The 2023 World Baseball Classic kicked into high gear on Saturday, with Pools C and D getting underway. (Team USA, who we're bearish on repeating as champions, will play tonight against Great Britain.) Most of the previous games had been played either late at night or early in the morning, meaning myriad American viewers got their first taste of extra-inning action this WBC when Colombia and Mexico required a 10th frame on Saturday afternoon. (Colombia, for those wondering, won a 5-4 thriller.)
If you were one of those individuals, you may have questioned why the zombie runner -- that is, the automatic runner placed on second base to begin extra innings -- was used.
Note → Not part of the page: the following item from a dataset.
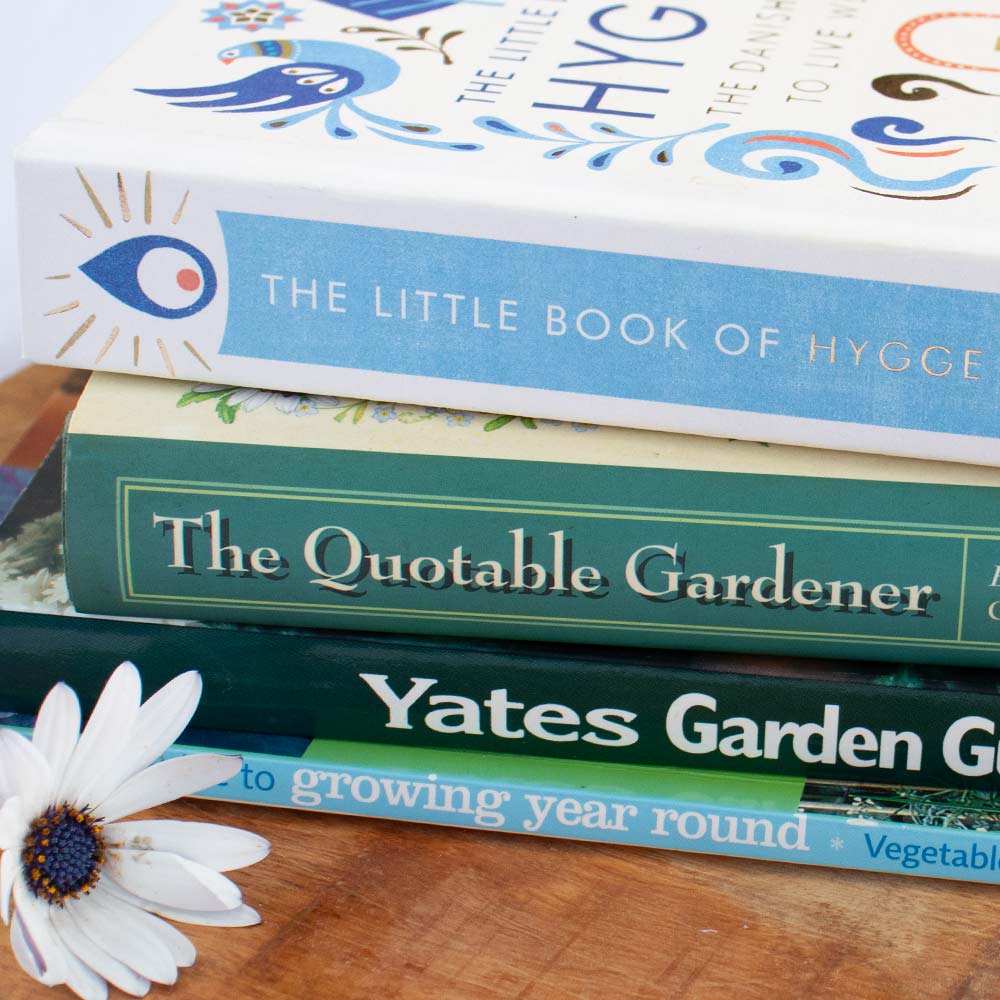 Image shows a stack of pre-loved second-hand giftable books sold on At The Helm NZ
After all, other recent additions to Major League Baseball's rulebook, such as the pitch timer and defensive shifts restrictions, are not being employed this tournament. So, why was the Manfred man (so named after MLB commissioner Rob Manfred) in play?
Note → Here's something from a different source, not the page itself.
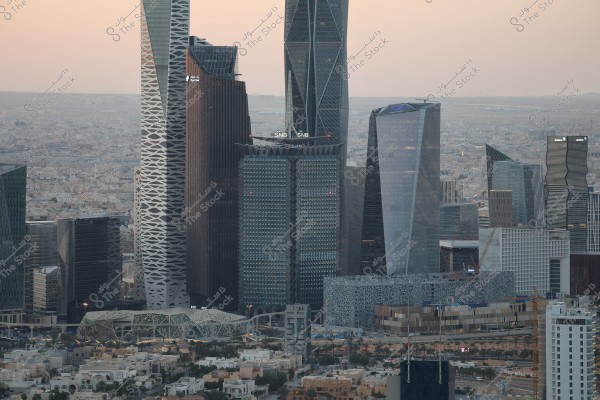 Image of the skyline of Riyadh featuring a collection of modern skyscrapers with diverse architectural designs. The scene includes prominent towers such as the Kingdom Tower and Al Faisaliah Tower, amidst other uniquely designed contemporary buildings. The background shows an expansive cityscape under a pale sky at dusk.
The technical answer is straightforward: the WBC is being played in accordance with the 2022 Official Baseball Rules, with a few exceptions. For example, there are no limits on the number of mound visits each team takes. The less-technical answer is that international baseball settings have experimented with automatic runners far longer than they've been part of MLB. Indeed, the 2017 WBC toyed with having runners placed at first and second base beginning with the 11th inning. Having just one runner in extra innings this tournament, then, is actually a more conservative approach.
Leaning into the use of automatic runners is a sensible decision for international baseball settings. Bear in mind, WBC teams are restricted in how much they're allowed to use pitchers as a means of preventing injury and/or unnecessary wear and tear. Lengthy extra-inning games are undesirable in these settings, even if they also happen to be entertaining to watch.
The use of the automatic runner is an attempt to split the gap between a traditional conclusion to these games and a tie or otherwise gimmicky finish. Of course, whether or not it accomplishes that goal is up for debate, but the logic behind the implementation is sound enough.